The distance between the #x# values is 7-1=6

The distance between the #y# values is 5- -4=5+4=9

So our triangle has two shorter sides 6 and 9 and we need to find the length of the hypotenuse, use Pythagoras.

#6^2+9^2=h^2#

#36+81+117#

#h=sqrt117=3sqrt13#

May 18, 2018

Answer:

#sqrt117~~10.82" to 2 dec. places"#

Explanation:

#"calculate the distance d using the "color(blue)"distance formula"#

#•color(white)(x)d=sqrt((x_2-x_1)^2+(y_2-y_1)^2)#

#"let "(x_1,y_1)=(1,-4)" and "(x_2,y_2)=(7,5)#

#d=sqrt((7-1)^2+(5-(-4))^2)#

#color(white)(d)=sqrt(6^2+9^2)=sqrt(36+81)=sqrt117~~10.82#

May 18, 2018

Answer:

#root()117#

Explanation:

If you were to draw a right triangle so that the hypotenuse is the line between #(1,-4)# and #(7,5)#, you would observe that the two legs of the triangle would be of length #6# (i.e. the distance between #x=7# and #x=1#) and #9# (i.e. the distance between #y=5# and #y=-4#).
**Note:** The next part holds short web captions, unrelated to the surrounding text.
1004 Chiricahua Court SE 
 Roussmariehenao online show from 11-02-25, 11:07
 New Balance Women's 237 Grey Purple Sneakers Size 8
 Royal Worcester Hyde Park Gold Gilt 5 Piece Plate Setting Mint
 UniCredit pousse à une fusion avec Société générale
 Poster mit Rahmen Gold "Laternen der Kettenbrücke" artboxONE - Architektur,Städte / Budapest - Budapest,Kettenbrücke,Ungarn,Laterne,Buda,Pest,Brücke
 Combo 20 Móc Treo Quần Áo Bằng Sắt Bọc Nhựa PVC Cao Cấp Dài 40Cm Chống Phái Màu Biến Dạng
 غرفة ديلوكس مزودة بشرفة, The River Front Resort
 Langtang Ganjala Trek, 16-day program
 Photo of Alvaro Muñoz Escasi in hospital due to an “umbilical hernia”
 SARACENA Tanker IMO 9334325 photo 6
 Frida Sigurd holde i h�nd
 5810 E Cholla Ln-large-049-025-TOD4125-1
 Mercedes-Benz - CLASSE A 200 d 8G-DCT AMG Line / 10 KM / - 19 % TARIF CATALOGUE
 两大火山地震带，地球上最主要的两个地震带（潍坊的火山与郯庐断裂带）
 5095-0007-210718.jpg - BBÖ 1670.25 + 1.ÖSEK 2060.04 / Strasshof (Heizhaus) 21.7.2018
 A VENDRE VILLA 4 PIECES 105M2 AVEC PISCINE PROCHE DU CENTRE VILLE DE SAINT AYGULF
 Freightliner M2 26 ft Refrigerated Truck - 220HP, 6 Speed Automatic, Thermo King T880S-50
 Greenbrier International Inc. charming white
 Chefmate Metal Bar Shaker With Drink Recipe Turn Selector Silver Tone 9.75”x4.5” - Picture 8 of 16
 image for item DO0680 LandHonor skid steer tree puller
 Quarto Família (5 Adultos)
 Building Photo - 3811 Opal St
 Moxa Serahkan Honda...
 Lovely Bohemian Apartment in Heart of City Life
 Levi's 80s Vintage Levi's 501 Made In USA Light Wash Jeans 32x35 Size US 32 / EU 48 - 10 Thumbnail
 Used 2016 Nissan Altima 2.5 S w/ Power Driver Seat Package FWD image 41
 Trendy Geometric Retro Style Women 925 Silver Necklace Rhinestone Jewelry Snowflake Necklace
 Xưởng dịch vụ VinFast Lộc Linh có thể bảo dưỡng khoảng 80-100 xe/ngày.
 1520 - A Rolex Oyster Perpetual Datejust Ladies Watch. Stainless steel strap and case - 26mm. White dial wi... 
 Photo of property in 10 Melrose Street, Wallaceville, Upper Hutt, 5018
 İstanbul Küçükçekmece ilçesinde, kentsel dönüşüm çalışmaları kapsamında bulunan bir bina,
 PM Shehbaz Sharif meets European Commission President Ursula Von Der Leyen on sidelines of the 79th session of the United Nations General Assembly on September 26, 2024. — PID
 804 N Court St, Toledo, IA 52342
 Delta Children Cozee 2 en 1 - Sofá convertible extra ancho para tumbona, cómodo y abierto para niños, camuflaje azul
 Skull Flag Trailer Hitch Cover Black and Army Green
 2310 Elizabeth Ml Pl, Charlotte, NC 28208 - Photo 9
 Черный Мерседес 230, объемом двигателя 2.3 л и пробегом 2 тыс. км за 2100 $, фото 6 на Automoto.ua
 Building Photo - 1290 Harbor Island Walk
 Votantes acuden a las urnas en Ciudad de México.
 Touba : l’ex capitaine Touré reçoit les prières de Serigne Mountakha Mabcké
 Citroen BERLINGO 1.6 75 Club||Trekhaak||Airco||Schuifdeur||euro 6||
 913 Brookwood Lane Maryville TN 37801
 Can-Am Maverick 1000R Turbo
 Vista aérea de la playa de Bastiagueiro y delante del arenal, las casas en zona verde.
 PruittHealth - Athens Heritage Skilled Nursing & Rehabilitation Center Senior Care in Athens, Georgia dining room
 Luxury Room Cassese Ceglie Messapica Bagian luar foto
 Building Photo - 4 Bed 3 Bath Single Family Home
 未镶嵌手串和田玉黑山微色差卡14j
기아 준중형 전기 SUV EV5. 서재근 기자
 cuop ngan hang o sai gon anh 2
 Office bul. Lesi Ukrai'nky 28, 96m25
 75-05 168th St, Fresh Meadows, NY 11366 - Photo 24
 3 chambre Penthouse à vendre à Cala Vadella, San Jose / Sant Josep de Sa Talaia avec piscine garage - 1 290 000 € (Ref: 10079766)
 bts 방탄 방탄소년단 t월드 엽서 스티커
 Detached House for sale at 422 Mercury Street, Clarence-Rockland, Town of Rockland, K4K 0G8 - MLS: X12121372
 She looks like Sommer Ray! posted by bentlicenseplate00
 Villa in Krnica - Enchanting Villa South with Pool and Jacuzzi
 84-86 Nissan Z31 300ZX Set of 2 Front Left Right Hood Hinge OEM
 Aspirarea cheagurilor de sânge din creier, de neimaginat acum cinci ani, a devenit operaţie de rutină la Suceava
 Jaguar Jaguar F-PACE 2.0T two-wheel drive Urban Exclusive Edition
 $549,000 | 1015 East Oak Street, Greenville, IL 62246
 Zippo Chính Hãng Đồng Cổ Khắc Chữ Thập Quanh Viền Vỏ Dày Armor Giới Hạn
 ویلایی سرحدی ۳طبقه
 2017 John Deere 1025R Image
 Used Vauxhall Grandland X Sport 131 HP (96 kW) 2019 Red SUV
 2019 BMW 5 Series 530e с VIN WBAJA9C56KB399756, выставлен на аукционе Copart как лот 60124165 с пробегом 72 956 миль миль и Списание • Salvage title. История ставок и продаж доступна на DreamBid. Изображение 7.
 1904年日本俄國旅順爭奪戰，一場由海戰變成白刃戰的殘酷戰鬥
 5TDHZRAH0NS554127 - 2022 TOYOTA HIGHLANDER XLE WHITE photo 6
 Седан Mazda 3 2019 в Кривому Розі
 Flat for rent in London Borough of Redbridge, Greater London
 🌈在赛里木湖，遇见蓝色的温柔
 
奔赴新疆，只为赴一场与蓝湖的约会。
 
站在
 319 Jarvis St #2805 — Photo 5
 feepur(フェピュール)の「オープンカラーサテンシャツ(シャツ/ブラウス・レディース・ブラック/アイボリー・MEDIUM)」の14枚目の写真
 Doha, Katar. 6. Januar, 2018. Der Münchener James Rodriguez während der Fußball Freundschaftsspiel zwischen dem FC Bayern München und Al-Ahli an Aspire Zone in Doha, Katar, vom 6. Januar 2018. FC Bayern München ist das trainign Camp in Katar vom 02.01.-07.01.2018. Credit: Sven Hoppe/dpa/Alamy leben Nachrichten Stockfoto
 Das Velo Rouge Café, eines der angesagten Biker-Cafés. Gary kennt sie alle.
By applying the pythagorean theorem,

#a^2+b^2=c^2#,

where #a # and #b# are the lengths of the legs of a right triangle and #c# is the length of the hypotenuse, we obtain:

#6^2 + 9^2 = c^2#.

Solving for the length of the hypotenuse (i.e. the distance between the points #(1,-4)# and #(7,5)#), we get:

#c=root()117#.

The process of finding the distance between two points by use of a right triangle can be formulated thusly:

Distance# = root()((x_2−x_1)^2+(y_2−y_1)^2)#.

This is called the distance formula, and can be used to expedite the solving of this sort of problem.